When Attorney-General William Barr announced the resumption of federal executions, he offered no reason for it other than that when prosecutors seek and juries impose a capital penalty, the infliction of death necessarily follows. He did not explain the conveyor belt he promptly instituted, nor why some prisoners were executed while their appeals were still pending. His successor, Jeffrey A. Rosen, has brought no further clarity. Perhaps the best explanation is the reaction of the Trump administration to the nationwide political protest against police brutality that followed the slaying of George Floyd in May and had continued unabated into the summer. Pivoting on this, President Trump redefined himself as the law and order candidate, dispatching federal troops to several cities and stigmatizing others as anarchic. Whether or not deliberately connected to this new campaign theme, Barr’s execution spree clearly dovetailed with it.

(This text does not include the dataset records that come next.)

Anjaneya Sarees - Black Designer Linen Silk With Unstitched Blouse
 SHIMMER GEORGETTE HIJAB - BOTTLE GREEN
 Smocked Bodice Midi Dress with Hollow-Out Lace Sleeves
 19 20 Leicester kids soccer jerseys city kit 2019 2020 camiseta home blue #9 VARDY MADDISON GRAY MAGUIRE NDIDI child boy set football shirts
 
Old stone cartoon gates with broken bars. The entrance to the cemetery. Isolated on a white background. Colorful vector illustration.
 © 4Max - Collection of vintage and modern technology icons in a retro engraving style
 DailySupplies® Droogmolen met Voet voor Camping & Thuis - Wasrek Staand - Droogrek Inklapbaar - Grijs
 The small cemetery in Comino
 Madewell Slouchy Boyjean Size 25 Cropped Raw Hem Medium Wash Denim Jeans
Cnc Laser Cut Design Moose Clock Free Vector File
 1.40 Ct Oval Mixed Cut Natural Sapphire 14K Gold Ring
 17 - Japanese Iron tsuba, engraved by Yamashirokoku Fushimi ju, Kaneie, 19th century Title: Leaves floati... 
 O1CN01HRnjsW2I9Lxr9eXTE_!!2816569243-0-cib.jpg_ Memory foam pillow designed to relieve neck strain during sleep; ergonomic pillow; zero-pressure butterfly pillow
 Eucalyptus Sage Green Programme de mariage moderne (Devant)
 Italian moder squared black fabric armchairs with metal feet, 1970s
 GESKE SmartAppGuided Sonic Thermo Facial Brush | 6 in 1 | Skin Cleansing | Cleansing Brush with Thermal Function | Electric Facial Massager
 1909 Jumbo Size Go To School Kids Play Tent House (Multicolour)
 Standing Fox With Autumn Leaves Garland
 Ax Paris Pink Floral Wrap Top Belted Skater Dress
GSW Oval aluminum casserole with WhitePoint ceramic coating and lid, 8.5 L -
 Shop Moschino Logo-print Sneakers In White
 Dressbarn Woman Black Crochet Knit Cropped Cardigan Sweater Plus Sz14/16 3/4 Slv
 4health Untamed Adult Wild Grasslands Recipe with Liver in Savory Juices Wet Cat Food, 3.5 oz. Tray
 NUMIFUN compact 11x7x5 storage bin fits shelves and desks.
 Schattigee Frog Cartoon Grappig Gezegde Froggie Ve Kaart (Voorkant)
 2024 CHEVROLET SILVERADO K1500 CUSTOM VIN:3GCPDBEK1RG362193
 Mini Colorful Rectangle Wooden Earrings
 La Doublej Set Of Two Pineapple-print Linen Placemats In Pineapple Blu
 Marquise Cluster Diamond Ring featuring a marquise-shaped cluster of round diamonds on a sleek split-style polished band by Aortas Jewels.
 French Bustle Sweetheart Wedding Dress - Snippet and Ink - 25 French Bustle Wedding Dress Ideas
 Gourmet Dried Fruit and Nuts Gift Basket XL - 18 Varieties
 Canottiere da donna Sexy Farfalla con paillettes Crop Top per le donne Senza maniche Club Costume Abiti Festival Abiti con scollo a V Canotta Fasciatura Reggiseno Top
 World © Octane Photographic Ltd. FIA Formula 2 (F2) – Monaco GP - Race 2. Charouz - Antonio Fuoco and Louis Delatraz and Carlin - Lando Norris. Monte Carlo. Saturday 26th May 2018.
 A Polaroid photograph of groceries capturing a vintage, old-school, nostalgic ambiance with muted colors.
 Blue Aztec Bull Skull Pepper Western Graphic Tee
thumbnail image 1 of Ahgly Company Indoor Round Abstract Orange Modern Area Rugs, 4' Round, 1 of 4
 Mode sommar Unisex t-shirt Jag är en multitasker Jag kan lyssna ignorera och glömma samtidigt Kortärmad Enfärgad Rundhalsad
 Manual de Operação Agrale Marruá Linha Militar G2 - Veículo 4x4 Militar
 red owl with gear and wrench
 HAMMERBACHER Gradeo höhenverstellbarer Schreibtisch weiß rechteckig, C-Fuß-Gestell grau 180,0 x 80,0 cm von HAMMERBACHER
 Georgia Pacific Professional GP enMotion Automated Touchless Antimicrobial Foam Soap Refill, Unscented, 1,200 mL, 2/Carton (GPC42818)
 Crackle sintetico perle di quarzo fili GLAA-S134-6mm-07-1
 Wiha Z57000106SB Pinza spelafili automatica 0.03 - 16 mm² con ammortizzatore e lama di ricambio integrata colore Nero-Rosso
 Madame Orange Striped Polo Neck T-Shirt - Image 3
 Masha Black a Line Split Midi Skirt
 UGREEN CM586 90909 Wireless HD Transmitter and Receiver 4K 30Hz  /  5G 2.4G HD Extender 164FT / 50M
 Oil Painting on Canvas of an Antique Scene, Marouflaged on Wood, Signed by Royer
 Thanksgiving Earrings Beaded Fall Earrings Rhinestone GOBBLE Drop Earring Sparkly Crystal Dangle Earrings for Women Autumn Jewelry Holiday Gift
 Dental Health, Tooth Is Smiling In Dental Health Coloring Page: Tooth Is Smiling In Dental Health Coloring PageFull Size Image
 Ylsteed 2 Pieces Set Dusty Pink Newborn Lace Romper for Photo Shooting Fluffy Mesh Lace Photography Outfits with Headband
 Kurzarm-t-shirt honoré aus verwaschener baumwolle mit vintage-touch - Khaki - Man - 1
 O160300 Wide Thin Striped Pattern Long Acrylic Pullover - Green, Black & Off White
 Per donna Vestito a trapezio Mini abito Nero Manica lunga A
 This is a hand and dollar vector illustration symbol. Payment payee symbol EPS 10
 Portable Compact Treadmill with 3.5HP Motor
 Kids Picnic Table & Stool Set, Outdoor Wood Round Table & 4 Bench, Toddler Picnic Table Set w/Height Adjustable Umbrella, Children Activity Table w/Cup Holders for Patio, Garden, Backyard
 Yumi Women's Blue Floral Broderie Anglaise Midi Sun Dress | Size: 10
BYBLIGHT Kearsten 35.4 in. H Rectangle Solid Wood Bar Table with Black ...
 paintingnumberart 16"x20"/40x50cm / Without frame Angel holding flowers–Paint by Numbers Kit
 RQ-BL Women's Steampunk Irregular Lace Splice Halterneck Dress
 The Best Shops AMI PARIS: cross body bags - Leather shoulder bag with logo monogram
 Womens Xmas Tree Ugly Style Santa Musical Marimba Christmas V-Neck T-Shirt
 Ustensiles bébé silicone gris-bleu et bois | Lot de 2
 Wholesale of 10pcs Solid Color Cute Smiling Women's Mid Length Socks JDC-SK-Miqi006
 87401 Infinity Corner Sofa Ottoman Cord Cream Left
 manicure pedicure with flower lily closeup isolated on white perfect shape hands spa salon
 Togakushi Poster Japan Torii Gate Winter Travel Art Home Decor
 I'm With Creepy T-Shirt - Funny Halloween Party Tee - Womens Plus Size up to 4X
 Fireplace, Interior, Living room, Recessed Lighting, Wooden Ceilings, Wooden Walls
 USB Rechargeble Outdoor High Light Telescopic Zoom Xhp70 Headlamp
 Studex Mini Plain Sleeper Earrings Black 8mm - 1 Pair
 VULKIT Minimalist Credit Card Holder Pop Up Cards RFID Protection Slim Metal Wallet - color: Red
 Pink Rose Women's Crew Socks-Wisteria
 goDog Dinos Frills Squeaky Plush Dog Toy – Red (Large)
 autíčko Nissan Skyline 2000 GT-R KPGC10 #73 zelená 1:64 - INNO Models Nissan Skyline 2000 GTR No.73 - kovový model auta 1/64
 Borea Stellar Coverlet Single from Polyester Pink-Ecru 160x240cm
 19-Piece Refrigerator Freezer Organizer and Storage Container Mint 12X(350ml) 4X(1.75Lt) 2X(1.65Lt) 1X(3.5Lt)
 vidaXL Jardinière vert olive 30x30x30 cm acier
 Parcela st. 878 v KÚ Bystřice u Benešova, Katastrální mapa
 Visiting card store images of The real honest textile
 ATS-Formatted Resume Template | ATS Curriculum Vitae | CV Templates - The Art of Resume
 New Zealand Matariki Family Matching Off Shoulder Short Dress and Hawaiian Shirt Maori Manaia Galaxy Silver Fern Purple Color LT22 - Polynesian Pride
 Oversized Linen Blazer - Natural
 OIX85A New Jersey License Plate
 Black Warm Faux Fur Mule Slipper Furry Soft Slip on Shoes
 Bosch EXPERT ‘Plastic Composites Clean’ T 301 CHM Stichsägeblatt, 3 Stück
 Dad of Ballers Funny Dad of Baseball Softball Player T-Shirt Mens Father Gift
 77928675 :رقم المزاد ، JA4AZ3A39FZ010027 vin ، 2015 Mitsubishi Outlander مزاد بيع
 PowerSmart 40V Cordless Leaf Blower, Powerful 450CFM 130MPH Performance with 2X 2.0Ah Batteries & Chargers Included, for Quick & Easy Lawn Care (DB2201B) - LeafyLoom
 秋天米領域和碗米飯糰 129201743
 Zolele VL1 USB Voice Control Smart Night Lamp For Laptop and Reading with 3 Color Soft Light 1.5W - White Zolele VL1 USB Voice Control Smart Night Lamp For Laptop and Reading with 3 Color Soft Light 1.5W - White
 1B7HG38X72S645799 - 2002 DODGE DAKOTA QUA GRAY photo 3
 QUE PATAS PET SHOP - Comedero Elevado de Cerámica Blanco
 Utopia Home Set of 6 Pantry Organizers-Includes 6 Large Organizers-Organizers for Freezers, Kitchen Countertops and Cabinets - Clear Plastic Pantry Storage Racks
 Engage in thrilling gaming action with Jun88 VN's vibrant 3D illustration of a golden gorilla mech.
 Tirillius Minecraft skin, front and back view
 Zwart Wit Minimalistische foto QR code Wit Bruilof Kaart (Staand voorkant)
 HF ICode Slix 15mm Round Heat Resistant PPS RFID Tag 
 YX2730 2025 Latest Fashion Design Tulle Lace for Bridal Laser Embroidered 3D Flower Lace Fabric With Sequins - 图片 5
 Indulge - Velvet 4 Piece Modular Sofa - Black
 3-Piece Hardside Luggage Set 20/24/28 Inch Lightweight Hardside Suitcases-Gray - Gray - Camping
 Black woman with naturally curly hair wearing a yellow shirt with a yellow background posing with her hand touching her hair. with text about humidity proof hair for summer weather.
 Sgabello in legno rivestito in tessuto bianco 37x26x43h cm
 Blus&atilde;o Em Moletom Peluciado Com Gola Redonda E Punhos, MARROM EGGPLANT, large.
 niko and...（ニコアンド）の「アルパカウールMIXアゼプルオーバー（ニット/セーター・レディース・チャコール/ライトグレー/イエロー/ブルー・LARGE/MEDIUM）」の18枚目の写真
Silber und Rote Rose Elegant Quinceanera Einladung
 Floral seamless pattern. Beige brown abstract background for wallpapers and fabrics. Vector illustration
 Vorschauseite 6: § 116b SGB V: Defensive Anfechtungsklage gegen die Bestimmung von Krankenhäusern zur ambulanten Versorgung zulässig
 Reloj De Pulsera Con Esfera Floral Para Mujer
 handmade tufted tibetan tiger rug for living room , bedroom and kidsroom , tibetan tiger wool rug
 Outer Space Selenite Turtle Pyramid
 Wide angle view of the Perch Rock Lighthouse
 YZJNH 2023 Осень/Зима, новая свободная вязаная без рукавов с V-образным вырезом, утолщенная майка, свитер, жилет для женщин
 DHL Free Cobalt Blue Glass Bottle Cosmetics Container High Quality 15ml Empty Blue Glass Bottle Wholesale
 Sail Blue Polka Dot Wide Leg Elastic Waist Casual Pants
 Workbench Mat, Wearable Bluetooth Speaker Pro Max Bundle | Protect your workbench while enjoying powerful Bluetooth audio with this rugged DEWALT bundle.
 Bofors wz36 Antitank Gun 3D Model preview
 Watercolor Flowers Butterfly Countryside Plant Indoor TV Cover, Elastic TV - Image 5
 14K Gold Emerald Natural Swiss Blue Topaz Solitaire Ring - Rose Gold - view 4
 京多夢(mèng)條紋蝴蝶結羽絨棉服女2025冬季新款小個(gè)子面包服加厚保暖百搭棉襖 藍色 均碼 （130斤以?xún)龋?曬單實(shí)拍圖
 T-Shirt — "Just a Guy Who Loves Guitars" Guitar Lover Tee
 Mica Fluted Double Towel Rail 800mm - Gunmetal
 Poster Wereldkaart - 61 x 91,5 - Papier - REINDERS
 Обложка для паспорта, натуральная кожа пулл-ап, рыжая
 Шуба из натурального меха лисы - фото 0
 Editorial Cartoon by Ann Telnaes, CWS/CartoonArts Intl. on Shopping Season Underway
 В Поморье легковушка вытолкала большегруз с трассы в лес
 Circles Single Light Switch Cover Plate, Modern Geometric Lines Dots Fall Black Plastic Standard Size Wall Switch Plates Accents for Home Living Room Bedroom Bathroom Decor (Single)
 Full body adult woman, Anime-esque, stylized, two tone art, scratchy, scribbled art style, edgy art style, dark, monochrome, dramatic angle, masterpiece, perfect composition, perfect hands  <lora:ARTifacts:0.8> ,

At this time however, with the election concluded, legal challenges exhausted, Electoral College votes tabulated, and a last-ditch effort to reverse the result in Congress likely scotched by Senate Majority Leader McConnell, further executions serve no practical political purpose; indeed, they are only likelier to ramp up pressure on President-Elect Biden to fulfill his campaign promise to end them. Why, then, do they continue? Justice, certainly, is mocked by them, nor could the most cold-blooded expediency justify them in the last days of an administration. There is only one reason that remains now, the lethal determination stamped on Donald Trump’s face as he turned from the wreath in Arlington. No one can take from him the ultimate prize of power without a heavy price being paid for it, even the final one of all.
The idea of a holocaust that involves just thirteen victims may seem to stretch the term beyond responsible use. But when they are chosen from a population of only 62, culled from the thousands dying around us every day, they evoke a horror all their own. In the saga of Donald Trump’s presidency, this last chapter may be remembered as the most grotesque of all.